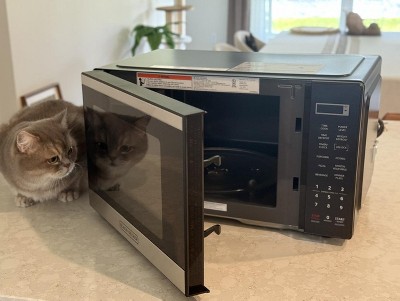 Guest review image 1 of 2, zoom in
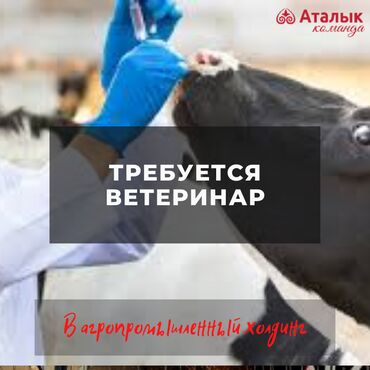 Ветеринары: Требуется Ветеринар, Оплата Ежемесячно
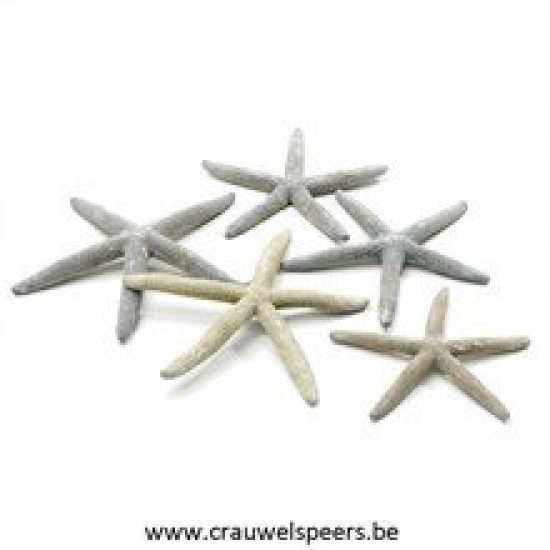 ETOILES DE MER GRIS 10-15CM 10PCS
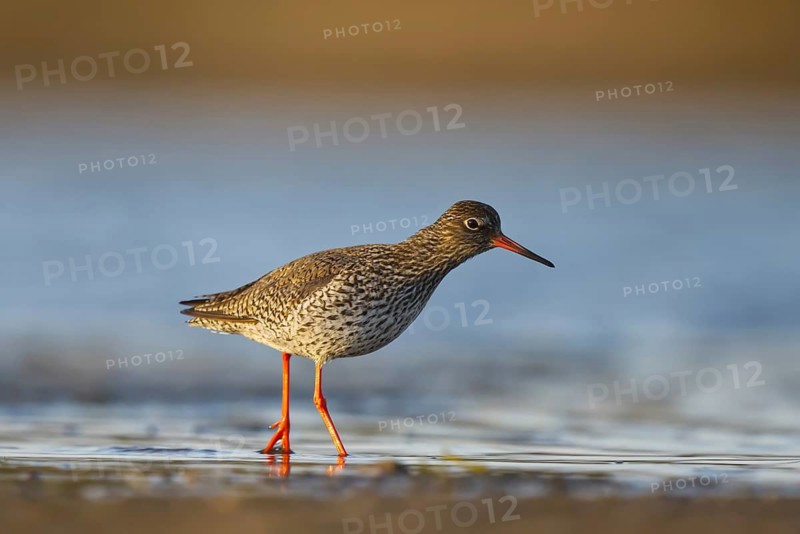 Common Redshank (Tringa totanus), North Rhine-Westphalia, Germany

══════════════════════════════

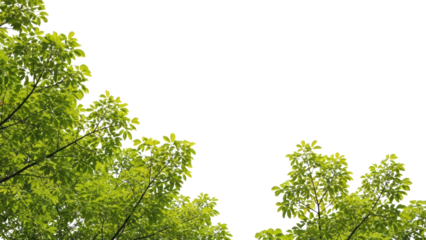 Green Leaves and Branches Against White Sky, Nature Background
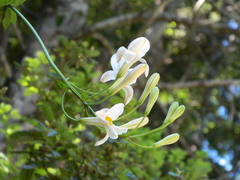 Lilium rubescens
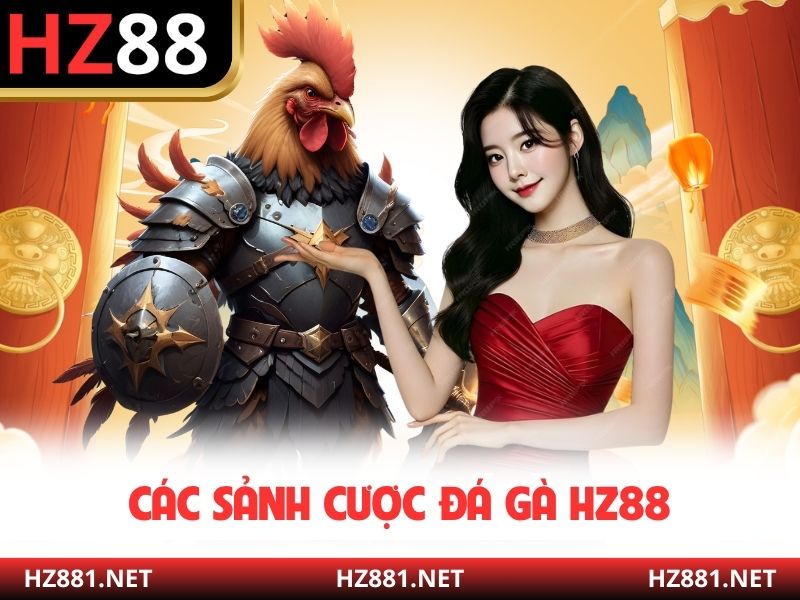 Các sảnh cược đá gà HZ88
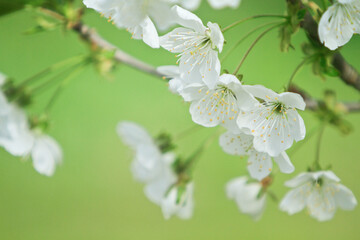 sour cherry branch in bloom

══════════════════════════════

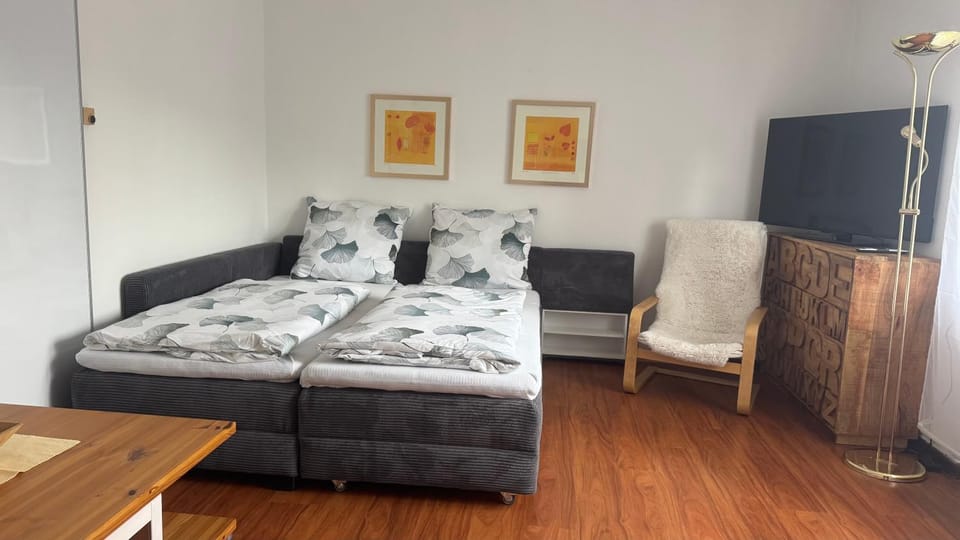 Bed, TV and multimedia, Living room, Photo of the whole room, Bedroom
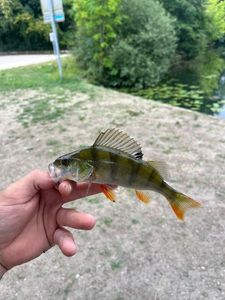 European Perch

══════════════════════════════

Give back exactly the lines above from the one with "Guest review image 1 of 2, zoom in" through the one with "Common Redshank (Tringa", both included. Pictures don't belong in the copy.

 Guest review image 1 of 2, zoom in
 Ветеринары: Требуется Ветеринар, Оплата Ежемесячно
 ETOILES DE MER GRIS 10-15CM 10PCS
 Common Redshank (Tringa totanus), North Rhine-Westphalia, Germany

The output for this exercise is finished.